Image-text web data
__________________________________________________

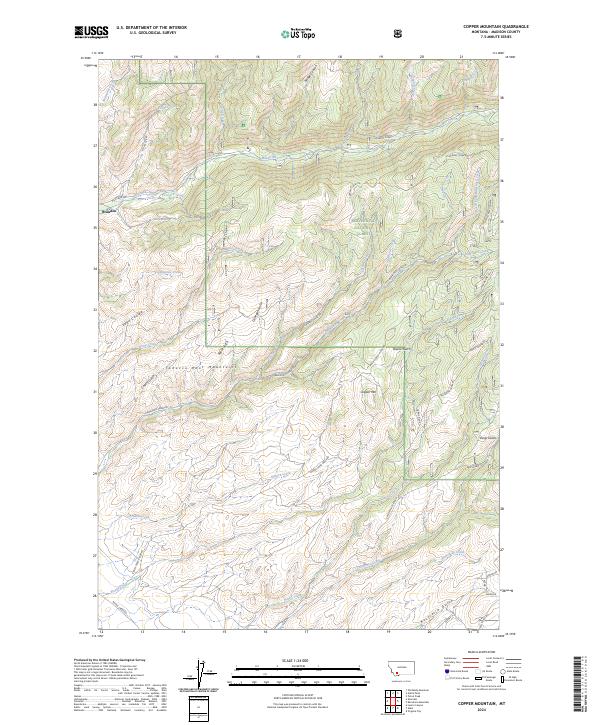 Copper Mountain, MT — USGS 7.5-minute topo (2024)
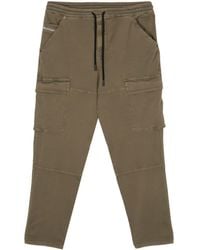 DIESEL - D-krooley Logo-embroidered Cargo Pants - Lyst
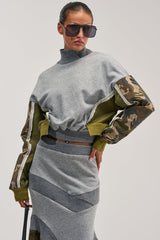 INES COLORBLOCKED SWEATSHIRT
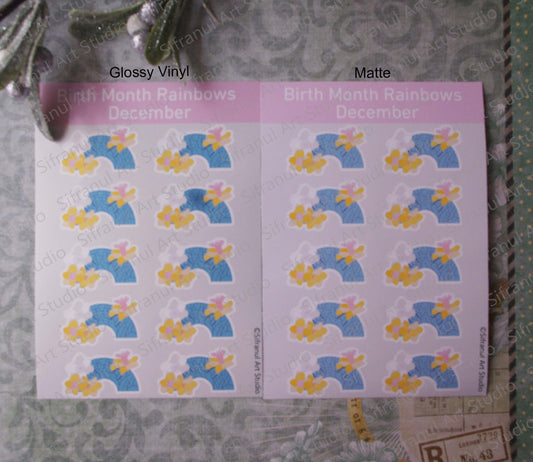 December Birthday Month Stickers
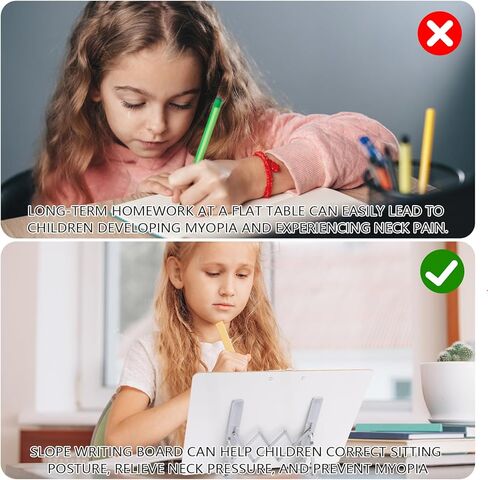 لوح مائل للكتابة مقاس 16 × 12 بوصة، لوح كتابة قابل للمسح الجاف، سطح مائل لتحسين وضوح الكتابة اليدوية، لوحة كتابة مائلة 20 درجة لكتابة رسم القراءة in Kuwait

__________________________________________________

TASK ITEM |
Your reply should consist only of the lines running from the line with "INES COLORBLOCKED SWEATSHIRT" to the end of the entries, both included, copied exactly and without any pictures.

REPLY |
 INES COLORBLOCKED SWEATSHIRT
 December Birthday Month Stickers
 لوح مائل للكتابة مقاس 16 × 12 بوصة، لوح كتابة قابل للمسح الجاف، سطح مائل لتحسين وضوح الكتابة اليدوية، لوحة كتابة مائلة 20 درجة لكتابة رسم القراءة in Kuwait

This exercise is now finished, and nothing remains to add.